Il y a deux explications possibles à ce rejet stratégique. La première est le sectarisme pur et simple . Comme nous l'avons déjà noté, l'intervention intellectuelle de Kropotkine s'inscrivait dans un projet politique plus vaste. La fin du 19e siècle et le début du 20e siècle ont vu la création de l'Etat-providence, dont les institutions clés ont, en fait, été largement créées par des groupes d'entraide, totalement indépendants de l'Etat, puis progressivement cooptées par les Etats et les partis politiques.
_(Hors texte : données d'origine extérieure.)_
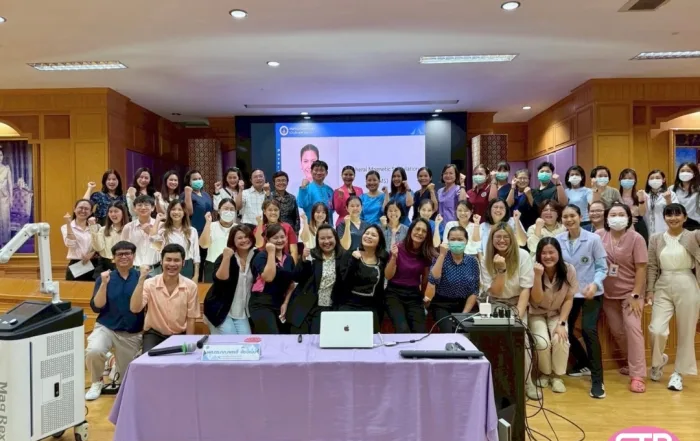 ตัวแทนจากโรงพยาบาลสระบุรีและ บริษัท สมาร์ท เทคโนโลยี แอนด์ โปรดักส์ จำกัด ถ่ายภาพร่วมกันหลังงานสำเร็จลุล่วงไปด้วยดี สะท้อนถึงความร่วมมืออันแข็งแกร่งในการพัฒนาองค์ความรู้ด้านกายภาพบำบัด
La plupart des intellectuel·les de droite comme de gauche étaient parfaitement alignés sur ceci: Bismarck a pleinement admis qu'il avait créé les institutions allemandes d'aide sociale pour "soudoyer" la classe ouvrière afin qu'elle ne devienne pas socialiste; les socialistes ont insisté pour que tout ce qui allait de l'assurance sociale aux bibliothèques publiques soit géré non pas par les groupes de voisinage et les groupes syndicaux qui les avaient effectivement créées, mais par des partis d'avant-garde autoritaires. Dans ce contexte, les deux camps ont considéré comme un impératif primordial de faire passer les propositions socialistes éthiques de Kropotkine comme des foutaises. Il convient également de rappeler que – en partie pour cette même raison – dans la période entre 1900 et 1917, les idées anarchistes et libertaires étaient beaucoup plus populaires parmi la classe ouvrière elle-même que le marxisme de Lénine et Kautsky. Il a fallu la victoire de la branche de Lénine du parti bolchevique en Russie (à l'époque, considérée comme l'aile droite des bolcheviques), et la suppression des Soviets, du Proletkult*, et d'autres initiatives populaires en Union soviétique elle-même, pour mettre enfin un terme à ces débats.

David Graeber et Andrej Grubačić

  • Fédération de sociétés culturelles locales et d'artistes d'avant-garde, qui a vu le jour en même temps que la révolution russe de 1917.